Link to Arxiv (DeepLabv1): https://arxiv.org/abs/1606.00915
Link to Arxiv (DeepLabv3): https://arxiv.org/abs/1706.05587
Link to GitHub: https://github.com/tensorflow/models/tree/master/research/de...
The README on there has a very neat TLDR of the model:
"DeepLabv1 : We use atrous convolution ['s a shorthand for convolution with upsampled filter'] to explicitly control the resolution at which feature responses are computed within Deep Convolutional Neural Networks.
DeepLabv2 : We use atrous spatial pyramid pooling (ASPP) ['a computationally efficient scheme of resampling a given feature layer at multiple rates prior to convolution'] to robustly segment objects at multiple scales with filters at multiple sampling rates and effective fields-of-views.
DeepLabv3 : We augment the ASPP module with image-level feature [5, 6] to capture longer range information. We also include batch normalization  parameters to facilitate the training. In particular, we applying atrous convolution to extract output features at different output strides during training and evaluation, which efficiently enables training BN at output stride = 16 and attains a high performance at output stride = 8 during evaluation.

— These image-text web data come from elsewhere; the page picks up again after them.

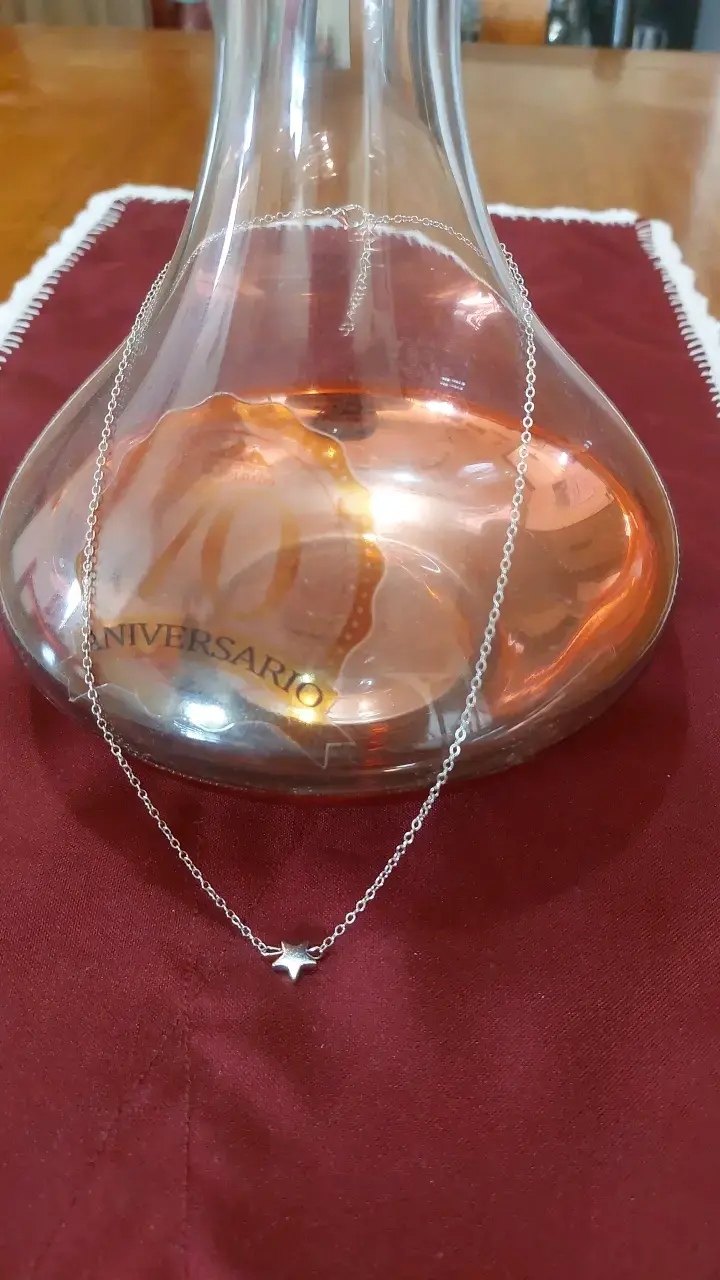 Collar de plata con dije de estrella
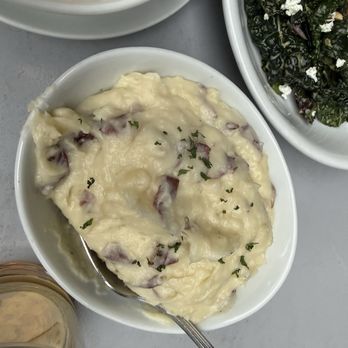 Echo & Rig - Roasted garlic mashed potatoes with white cheddar - Steakhouses Near Me - Sacramento, California
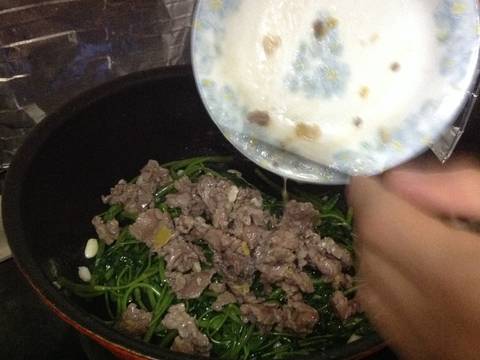 Thịt trâu xào rau muống recipe step 5 photo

DeepLabv3+ : We extend DeepLabv3 to include a simple yet effective decoder module to refine the segmentation results especially along object boundaries. Furthermore, in this encoder-decoder structure one can arbitrarily control the resolution of extracted encoder features by atrous convolution to trade-off precision and runtime."
Congratulations, Deeplab 3+ finally discovered that the U-net architecture, first proposed 3 years ago, is more efficient than the flat architecture they used before.
Deeplab 3+ is still a wildly inefficient network structure, but it undeniably works, if you can afford the computational resources. Just keep in mind you can achieve similar results (within 1% mIOU) with much leaner structures.
Is this fast enough to be used as a background removal in live streams?